Emails: well, do YOU reply? Always?
WHEN IT COMES to dealing with email pitches, managing editor Craig Thomas (Letters, last issue) prefers a technique called “silent rejection” to a civil and speedy “no thank you”.
This fascinating idea needs some more explanation. How long after sending their pitches, for example, should freelances consider themselves silently rejected? Minutes? Days? Months?
How is the freelance to know the difference between being silently rejected and silently ignored?
The feeling is very similar, yet freelances who have given up hope for an idea frequently find themselves commissioned by an editor who hadn’t bothered to tell them they liked it.
The uncertainty this produces amounts to a restraint of trade. You can’t pitch the same idea to a rival publication because you don’t know if you’ve been rejected.
It is also bad for the publication. Just because an editor doesn’t like one idea doesn’t mean they won’t like the next one. But there won’t be a next one if they’ve treated the freelance with such contempt.
Yes, editors are busy — I know, I used to be one — but the thing that makes them busy is dealing with writers. That’s the job.
And there was I thinking journalism had something to do with communication.
Mark Fisher
Edinburgh Freelance Branch
I AGREE with Nick Inman (Gripe, March issue) that communication with editors has changed thanks (or no thanks) to modern communication methods.
So now I promise to reply to all and sundry who email me, no matter how useless or random. I’ll do that from the day I get, as Nick presumes I already have, a “generous salary and index-linked pension scheme” — and perhaps an ivory tower where I can bask in the unremitting glory of being an editor.

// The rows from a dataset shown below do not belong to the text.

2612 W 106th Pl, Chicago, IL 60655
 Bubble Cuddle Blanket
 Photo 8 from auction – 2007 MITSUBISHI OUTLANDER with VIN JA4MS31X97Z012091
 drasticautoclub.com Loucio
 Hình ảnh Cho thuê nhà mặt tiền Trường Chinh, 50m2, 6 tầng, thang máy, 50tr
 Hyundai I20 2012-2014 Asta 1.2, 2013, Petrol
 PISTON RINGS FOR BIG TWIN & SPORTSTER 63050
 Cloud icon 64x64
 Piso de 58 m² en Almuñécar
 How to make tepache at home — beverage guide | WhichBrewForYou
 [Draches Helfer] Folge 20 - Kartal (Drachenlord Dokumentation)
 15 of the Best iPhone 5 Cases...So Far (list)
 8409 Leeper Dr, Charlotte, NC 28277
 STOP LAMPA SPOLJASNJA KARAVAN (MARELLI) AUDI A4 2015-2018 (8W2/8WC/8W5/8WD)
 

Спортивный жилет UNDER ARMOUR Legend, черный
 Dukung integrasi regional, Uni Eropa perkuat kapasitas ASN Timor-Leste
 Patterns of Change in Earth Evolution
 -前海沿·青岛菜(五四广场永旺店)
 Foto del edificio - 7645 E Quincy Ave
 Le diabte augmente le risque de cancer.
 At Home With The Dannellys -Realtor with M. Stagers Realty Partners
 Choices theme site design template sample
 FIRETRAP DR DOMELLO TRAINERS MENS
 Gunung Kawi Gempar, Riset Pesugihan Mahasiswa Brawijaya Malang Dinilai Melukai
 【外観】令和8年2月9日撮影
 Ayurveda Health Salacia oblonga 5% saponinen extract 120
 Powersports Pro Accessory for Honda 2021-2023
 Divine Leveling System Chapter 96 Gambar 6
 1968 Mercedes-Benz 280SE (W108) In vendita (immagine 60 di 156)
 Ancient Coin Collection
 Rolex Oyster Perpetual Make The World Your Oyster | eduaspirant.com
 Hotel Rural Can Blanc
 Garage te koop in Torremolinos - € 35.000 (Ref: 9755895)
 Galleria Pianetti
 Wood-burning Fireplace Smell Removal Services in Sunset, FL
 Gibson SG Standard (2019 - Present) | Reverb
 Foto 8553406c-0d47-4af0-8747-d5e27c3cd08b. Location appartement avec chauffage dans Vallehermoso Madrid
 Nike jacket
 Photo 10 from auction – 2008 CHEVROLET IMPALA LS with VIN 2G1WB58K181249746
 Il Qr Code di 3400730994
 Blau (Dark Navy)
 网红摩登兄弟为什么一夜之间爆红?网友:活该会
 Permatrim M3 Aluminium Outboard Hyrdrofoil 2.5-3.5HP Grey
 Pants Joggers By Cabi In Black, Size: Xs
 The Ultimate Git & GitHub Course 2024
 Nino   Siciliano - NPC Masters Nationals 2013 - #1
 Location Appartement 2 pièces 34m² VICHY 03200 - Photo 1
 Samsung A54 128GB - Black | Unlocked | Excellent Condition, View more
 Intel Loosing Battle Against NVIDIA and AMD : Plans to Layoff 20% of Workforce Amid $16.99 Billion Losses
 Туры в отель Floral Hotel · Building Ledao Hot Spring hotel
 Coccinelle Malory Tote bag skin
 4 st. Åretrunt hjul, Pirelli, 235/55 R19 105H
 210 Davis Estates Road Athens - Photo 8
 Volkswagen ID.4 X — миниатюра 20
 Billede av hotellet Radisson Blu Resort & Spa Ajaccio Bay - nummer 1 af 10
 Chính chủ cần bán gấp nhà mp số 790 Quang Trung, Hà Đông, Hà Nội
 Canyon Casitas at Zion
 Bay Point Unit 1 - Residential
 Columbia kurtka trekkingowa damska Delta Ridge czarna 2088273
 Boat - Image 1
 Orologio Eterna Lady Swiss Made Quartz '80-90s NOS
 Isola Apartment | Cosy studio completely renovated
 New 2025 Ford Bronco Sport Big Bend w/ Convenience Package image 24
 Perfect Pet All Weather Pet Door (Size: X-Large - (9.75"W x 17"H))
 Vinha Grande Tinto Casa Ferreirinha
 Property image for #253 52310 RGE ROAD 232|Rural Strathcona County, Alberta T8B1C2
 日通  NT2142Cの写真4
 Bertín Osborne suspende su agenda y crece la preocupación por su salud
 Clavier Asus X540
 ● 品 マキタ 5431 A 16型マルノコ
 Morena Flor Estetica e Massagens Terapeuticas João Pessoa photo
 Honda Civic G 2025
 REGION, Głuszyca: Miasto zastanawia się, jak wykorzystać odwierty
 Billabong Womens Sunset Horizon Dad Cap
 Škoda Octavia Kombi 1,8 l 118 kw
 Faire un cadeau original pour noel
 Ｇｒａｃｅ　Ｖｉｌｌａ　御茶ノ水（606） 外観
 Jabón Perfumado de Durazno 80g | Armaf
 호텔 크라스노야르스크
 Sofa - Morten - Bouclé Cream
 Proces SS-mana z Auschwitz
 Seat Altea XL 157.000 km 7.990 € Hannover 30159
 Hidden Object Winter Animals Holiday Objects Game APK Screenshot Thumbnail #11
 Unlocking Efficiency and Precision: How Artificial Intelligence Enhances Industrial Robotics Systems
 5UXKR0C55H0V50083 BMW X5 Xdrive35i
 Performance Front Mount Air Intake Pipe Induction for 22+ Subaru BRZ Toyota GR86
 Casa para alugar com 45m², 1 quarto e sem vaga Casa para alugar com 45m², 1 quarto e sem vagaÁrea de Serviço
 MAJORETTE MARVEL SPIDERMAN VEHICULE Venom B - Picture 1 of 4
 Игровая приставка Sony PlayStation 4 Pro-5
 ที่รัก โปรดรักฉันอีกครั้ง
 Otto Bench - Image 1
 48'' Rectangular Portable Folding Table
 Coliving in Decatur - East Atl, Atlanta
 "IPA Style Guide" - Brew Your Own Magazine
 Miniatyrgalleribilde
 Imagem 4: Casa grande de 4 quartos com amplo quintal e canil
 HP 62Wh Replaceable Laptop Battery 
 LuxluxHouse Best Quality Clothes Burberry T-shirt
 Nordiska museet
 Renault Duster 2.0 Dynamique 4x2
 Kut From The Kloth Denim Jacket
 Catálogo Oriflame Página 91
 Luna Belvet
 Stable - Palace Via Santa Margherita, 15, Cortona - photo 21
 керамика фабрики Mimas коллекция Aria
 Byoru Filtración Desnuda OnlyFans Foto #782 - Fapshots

Is this the “all-pervading pessimism of the media” which Nick’s ignored book concerned, or is it just me being an underpaid, overworked, grumpy old editor who has had to get a second job to support his family?
Gary O’Keeffe
Editor, North London and Herts Newspapers, Enfield
IN CASE the Morning Star’s many protectors (and Nick Inman) missed it, that illustrious newspaper did publish a handsome and approving page lead critique of his The Optimist’s Handbook, by Paul Donovan.